Con la partecipazione di una grande maggioranza dei confratelli dell’unità, la Provincia di Campo Grande ha aperto ufficialmente l’anno Clementino con un ritiro di 5 giorni predicato da Padre Dalton de Barros, C.Ss.R., della Provincia Rio di Janeiro, dal 9 al 14 maggio, a Londrina, Brasile. Alla fine del ritiro, tre giovani (Sandro Cruz, C.Ss.R., Sergio Reis, C.Ss.R., e Roberto Santos, C.Ss.R.) hanno fatto la professione perpetua dei voti. Il Provinciale, Pe. Joaquim Barron, C.Ss.R., ha poi formalmente dichiarato l’apertura dell’Anno Clementino nella Provincia di Campo Grande.

Il consiglio provinciale, seguendo il suggerimento del Governo Generale nei riguardi del 100esimo anniversario della canonizzazione di S. Clemente, ha nominato un comitato per aiutare a sviluppare l’interesse dell’Anno Clementino nella Provincia. Pe. Alfonso Tremba, C.Ss.R., coordinatore del comitato, ha confermato che una statua di S. Clemente andrà in pellegrinaggio in ognuna delle 14 comunità della Provincia. Secondo Pe.
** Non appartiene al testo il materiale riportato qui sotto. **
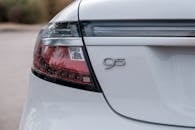 A Close-Up Shot of the Tail Light of a 2011 Saab 9-5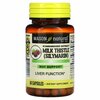 Mason Natural, Расторопша (силимарин), стандартизированный экстракт, 60 капсул - картинка 0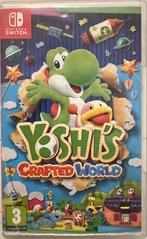 Yoshi's Crafted World - Nintendo Switch, Spelcomputers en Games, Games | Nintendo Switch, 2 spelers, Eén computer, Ophalen of Verzenden
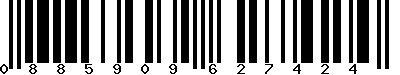 EAN-13 : 0885909627424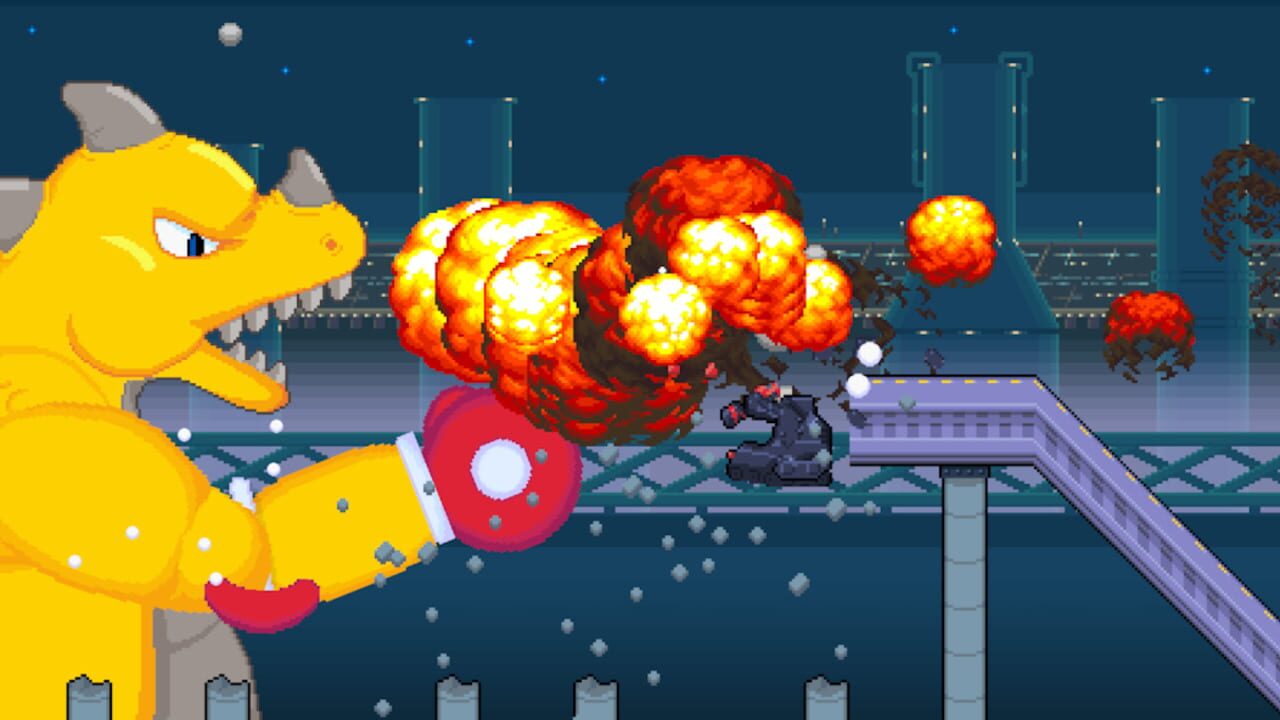 Screenshot for Roar Rampage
Tremba, il pellegrinaggio della statua nelle comunità rappresenta il nostro pellegrinaggio e dovrebbe accrescere nella provincia lo spirito ed il dinamismo missionario dello stesso S. Clemente.

La statua pellegrina di S. Clemente, dopo aver visitato tutte le parrocchie, santuari e comunità Redentoriste della provincia tornerà a Londrina per la chiusura ufficiale dell’anno Clementino, il 15 marzo 2010. Possa S. Clemente benedire tutte le unità della nostra Congregazione!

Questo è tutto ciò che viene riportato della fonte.